San Francisco 49ers outside linebacker Eli Harold (58), quarterback Colin Kaepernick (7) and free safety Eric Reid (35) kneel in protest during the playing of the national anthem before a NFL game against the Arizona Cardinals at Levi's Stadium Oct 6, 2016; Santa Clara, CA, USA . Mandatory Credit: Kirby Lee-USA TODAY Sports

DALLAS (Reuters Breakingviews) - Nike is putting a politically divisive foot forward. The sneaker group will feature Colin Kaepernick, the first U.S. National Football League player to kneel in protest during the national anthem, in its “Just Do It” 30th anniversary ad campaign. Companies often shy away from politics, but in the commoditized sneaker trade, it’s a risk worth taking.

Kaepernick started the “take the knee” gesture at the beginning of football games as a protest against racial injustice. Other players followed, but not all fans approved. U.S. President Donald Trump called for team owners to fire athletes. In a Washington Post-Kaiser Family Foundation poll in May, a small majority said it was never appropriate to kneel during the anthem. A June poll from Quinnipiac University found the opposite.

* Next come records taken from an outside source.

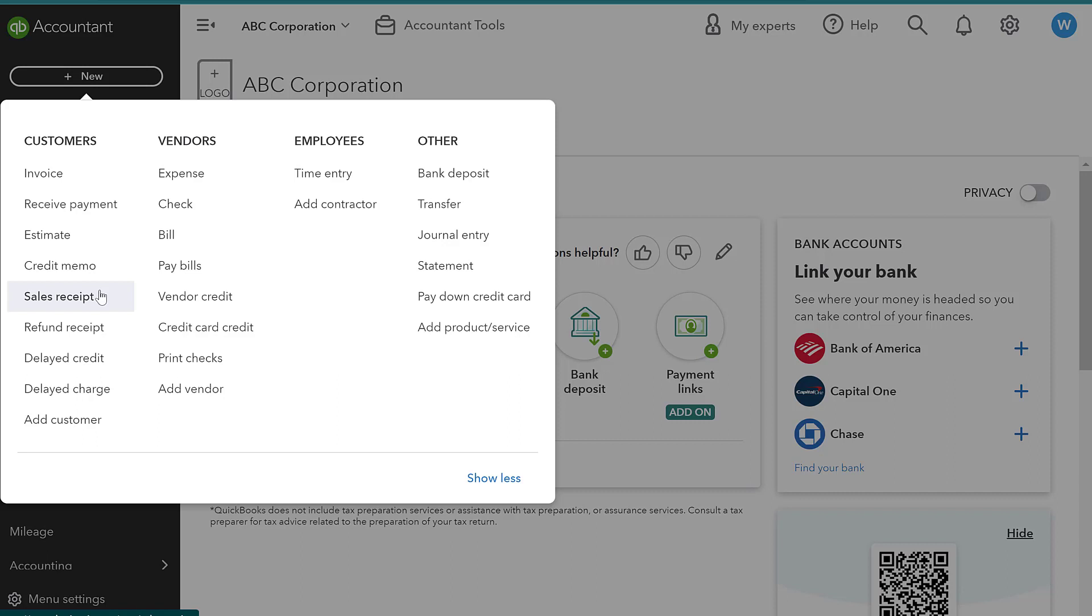An invoice is going to be issued to a customer when you're not getting paid at time of service or at the time when you sell the products to the customer.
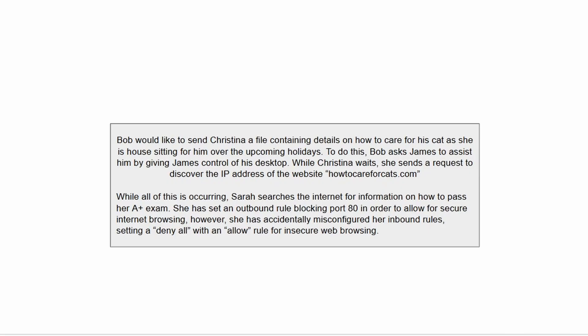While Christina waits, she sends a request to discover the IP address of the website howtocareforcats.com. While all of this is occurring, Sarah searches the internet for information on how to pass her A+ exam. She has set an outbound rule blocking port 80 in order to allow for secure internet browsing. However, she has accidentally misconfigured her inbound rules, setting a deny-all with an allow rule for insecure web browsing.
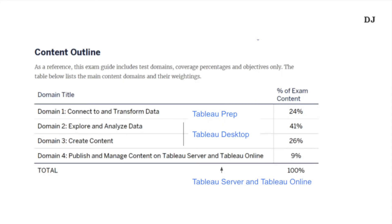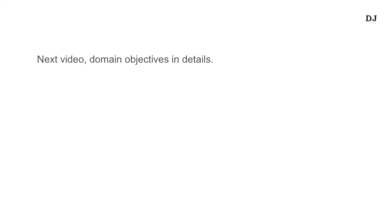The last topic for today's video is the content outline. There are four domains. Domain 1: connect to and transform data. Domain 2: explore and analyze data. Domain 3: create content. Domain 4: publish and manage content on Tableau Server and Tableau Online. Each domain corresponds to a Tableau product. In the next two videos, I will go through the details of each domain.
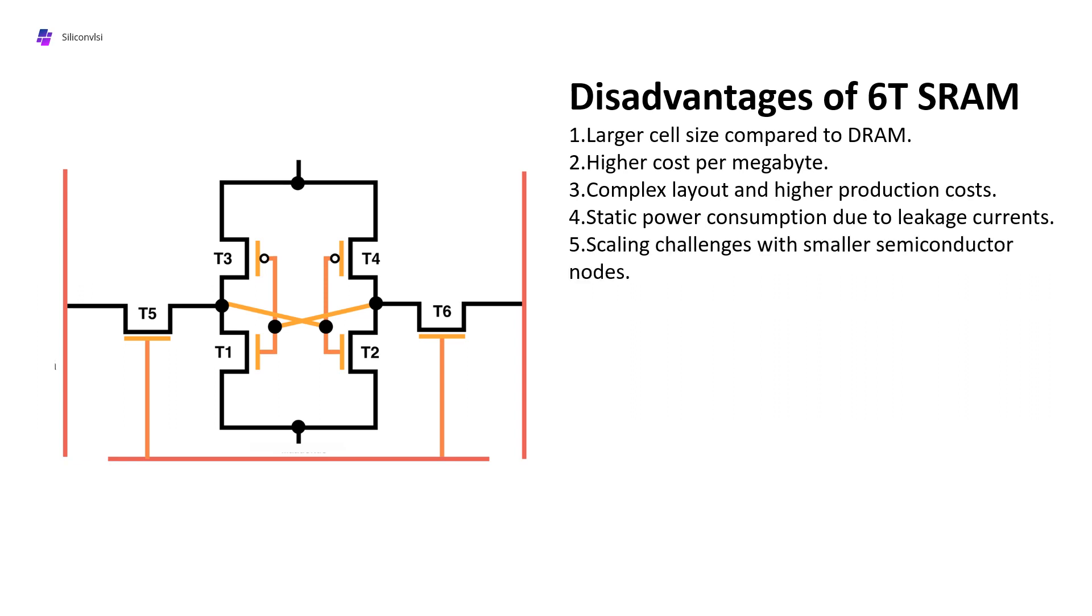Fifth is scaling challenges with smaller technology nodes. Obviously 6T SRAM will have more challenges in lower technology nodes because of double patterning and other issues, so it has more challenges as size decreases.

Nike is wading into politics proactively, where others did so under pressure. Dick’s Sporting Goods in February decided to stop selling assault-style firearms or high-capacity magazines in response to school shootings. Delta Air Lines ditched a partnership with the National Rifle Association. Pizza chain Papa John’s International ousted its founder after he criticized NFL leadership.

Nike can afford to be different. For one, clothing is pretty commoditized. While some may now shun the brand, others will actively seek it out. Shoes are a far more conspicuous way of making a statement than, say, a plane ticket. Besides, more than half of Nike’s sales come from outside of the United States. The potential hit from those who don’t agree is limited, and to the extent the protest becomes about Trump, and he loses favor internationally, it may even help.

Big companies also have more skin in the game. Historically, multinationals aligned themselves with conservative politicians, who supported free trade. Nike has 328 factories in 37 countries that supply its apparel outlets. A trade war taking shape under Trump threatens that setup. It doesn’t hurt to make friends from the other side of the political aisle.

As protectionist trade and immigration policies threaten corporate interests, there will be more like Nike. Sprout Social, a marketing firm, found two-thirds of customers want companies to take a public stand on a social or political issue. As Milton Friedman said in 1970, the social responsibility of business is to increase profits. That goal, and supporting Kaepernick’s protest, may not be incompatible.